Teresa Campbell of Lancaster, California was given eight squares by a friend of her husband. A quilter, as well as a genealogist, Campbell traced the squares to Cavendish and donated them in early June.

While we were discussing the Civil War era squares, a number of women and men (a first) in Cavendish, were preparing the 250th Anniversary quilt. When Campbell supplied the names of the quilters- Evey Kendall, Leizzie Kendall, Mrs. Maria Spaulding, Julia A. Davis, Mary Hemminway, Celia A. Davis, and Ella A. Spaulding-it was immediately noted that one of the quilters for Cavendish’s Anniversary quilt, Pang Ting, now lives in the house where the Kendall sisters once resided.

The Cavendish 250th Anniversary Quilt was on display at Old Home Day as well as serving as a backdrop for the play Cavendish Chronicles II: The Early Years. Because the school’s multi purpose room was both the site of the shelter during Irene recovery, and the play, the set was keep up for most of the shelter duration, so many people saw the quilt. Of particular interest was the square made by fiber artist Paulette Martell, which depicted the 1927 flood.

A combination of 14 different people made the 30 squares in the quilt. A variety of techniques were used to create a very unique design. While many of the squares were collaborative efforts, they depicted the town’s history as well as aspects that people thought should be remembered.
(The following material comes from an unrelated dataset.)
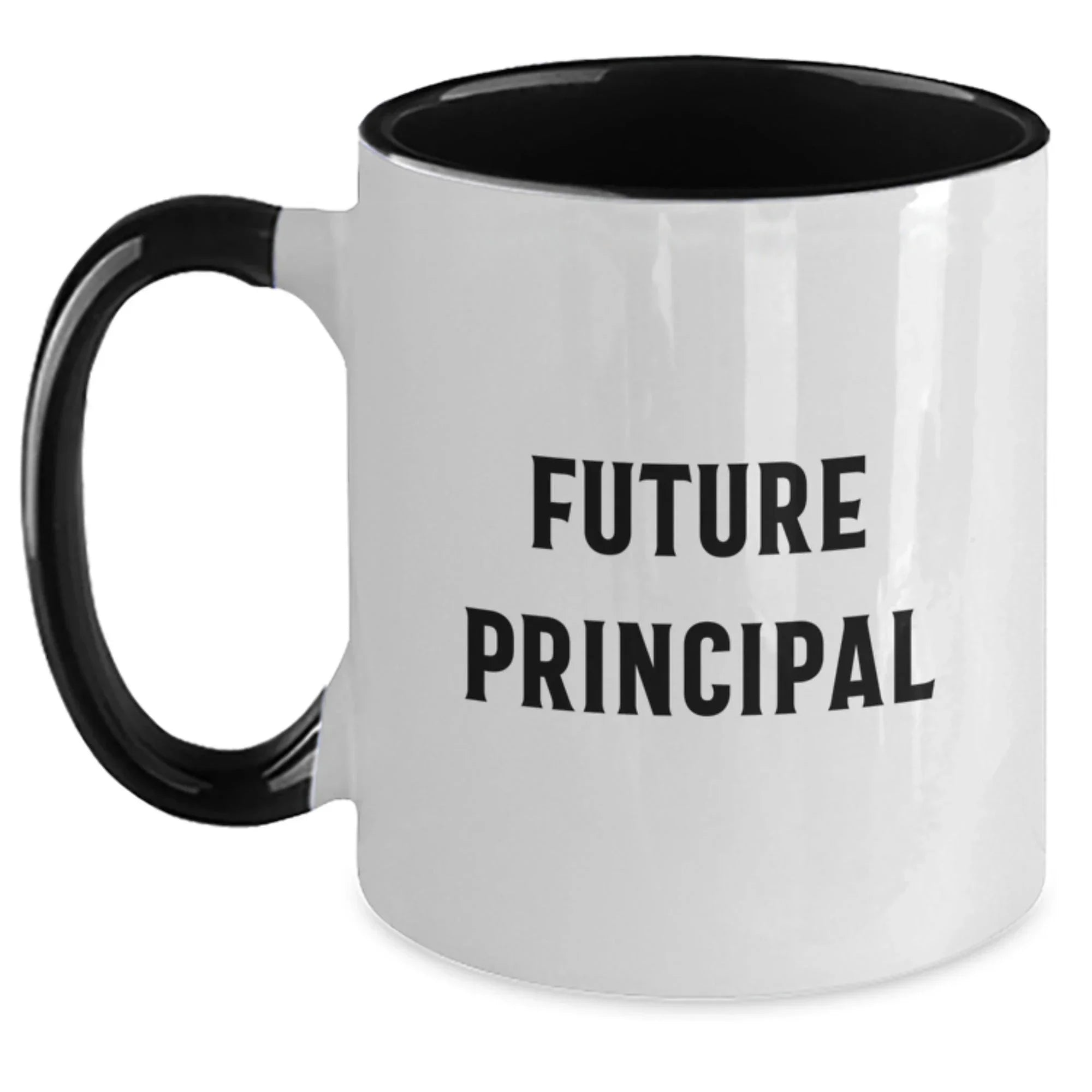 Funny Principal Quote Gifts from Friends to Future Principals on Birthday Unique Gifts, Two Tone Coffee Mug for Him or Her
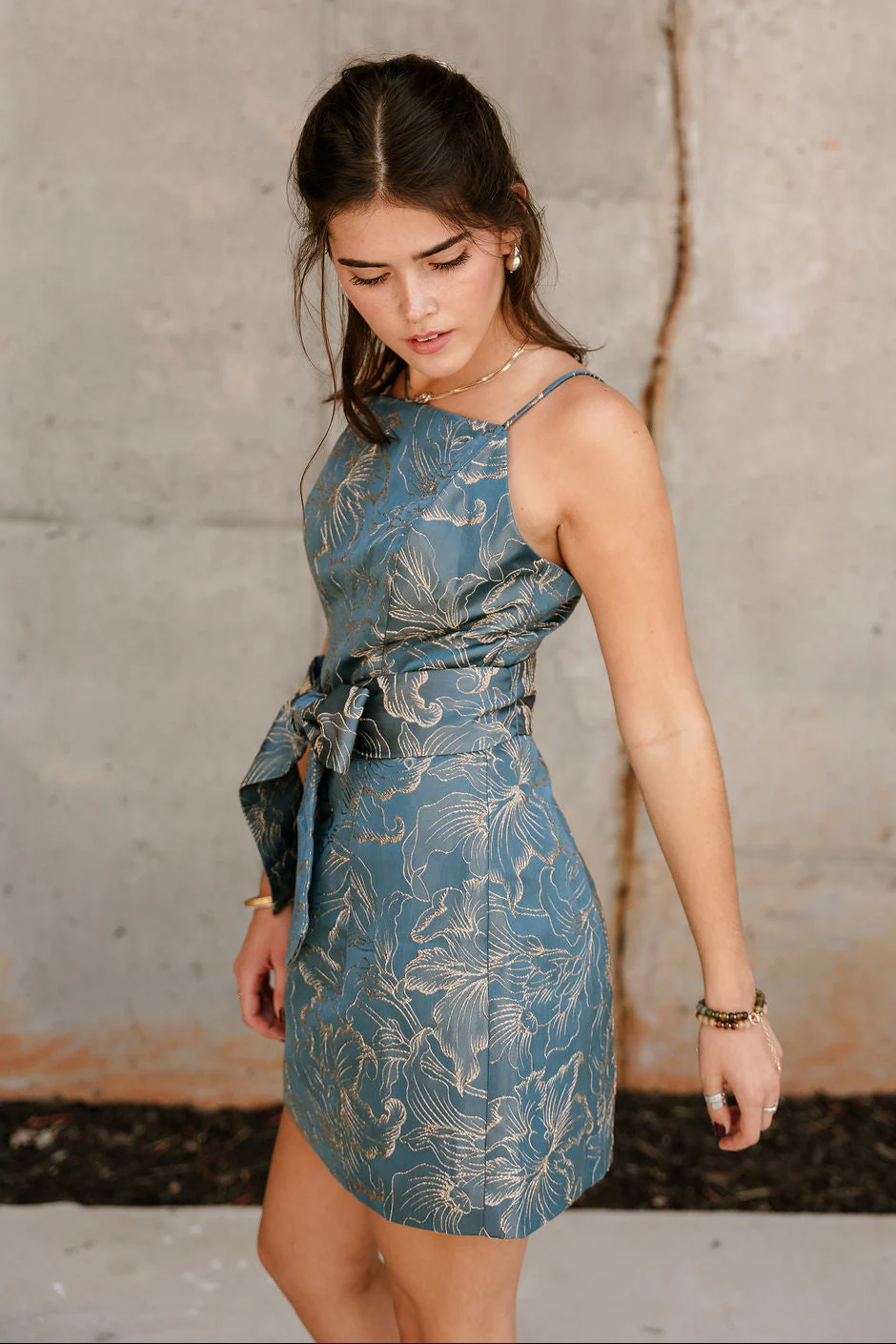 Jenna Blue & Gold Floral Tie Waist Mini Dress - Image 7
In addition to Martell, the quilters included:
• Jackie Blanchard: Raised in Cavendish, she is an award winning quilter. Not only did she transfer a number of photographs of Cavendish onto fabric, she included embroidered squares of the town name and dates, as well as an appliqué flower square.
• Margo Caulfield: From Baltimore, MD, is the coordinator of CHS. She, worked on several squares and choose to remember Phineas Gage, as she has spent many years working in the field of traumatic brain injury.
• Barbara Dickey: A retired researcher, Barbara worked with Wendy Regier and Tess Ellwood to capture the Cavendish countryside through six wildflower squares.
• Tess Ellwood: New to Proctorsville, Tess comes to our community from North Carolina. She is a quilter as well as a weaver. She not only contributed the log cabin square, but was the one who carefully sewed, repieced squares and masterminded the completion of the quilt.
• Gloria Leven: Born in West Virginia, Gloria has been a lover and maker of quilts for many years. She made several squares, including the pieced maple leaf.
• Paulette Martell: Originally from Maine, she is a well known fiber artist and quilter. Who knew her square depicting the 1927 flood would take on such significance?
• Jennifer McBride: A well known textile designer and owner of Jennifer Hoar designs and Soap Baubles, Jen moved to Cavendish from Brooklyn, New York just a few years ago. The bear, moose, tractor, and deer were her designs.
• Mary Ormrod: From Toronto Canada, where she lived in the bush country of Canada at one point, it is not surprising that Mary would choose the Crown Point Road as her quilt square theme
• Becky Plunkard: Growing up in a military family, Becky has lived in many different places. Making the square of the Universalist Church, known locally as “The Stone Church,” she only had to look out her window for inspiration.
• Craig Rankin: A landscape architect from New York, Craig retired to Cavendish in 1979. He was well known for his pen and ink drawings of Cavendish. His rendering of the CHS Museum was transferred to fabric by Jackie Blanchard.
• Lonnie Rankin: The daughter-in-law of Craig Rankin, she spent many happy days on the Rankin Farm and choose that as her theme. .
• Wendy Regier: From New York City, Wendy ahs been a professional weaver for the last 35 years. She made three squares: Marino sheep and loom; the Cavendish Green Marble Quarry (which is near her home) and Alexandra Solzhenitsyn
• Rich Svec: From New Jersey and Town Manager, Svec’s photograph of the town office, as well as the town logo were converted into squares by Jackie Blanchard.
• Pang Ting: From Hong Kong, while Pang may be a fiber artist with a love of paper, she created a one of a kind portrait of Cavendish today by using small pieces of fabric.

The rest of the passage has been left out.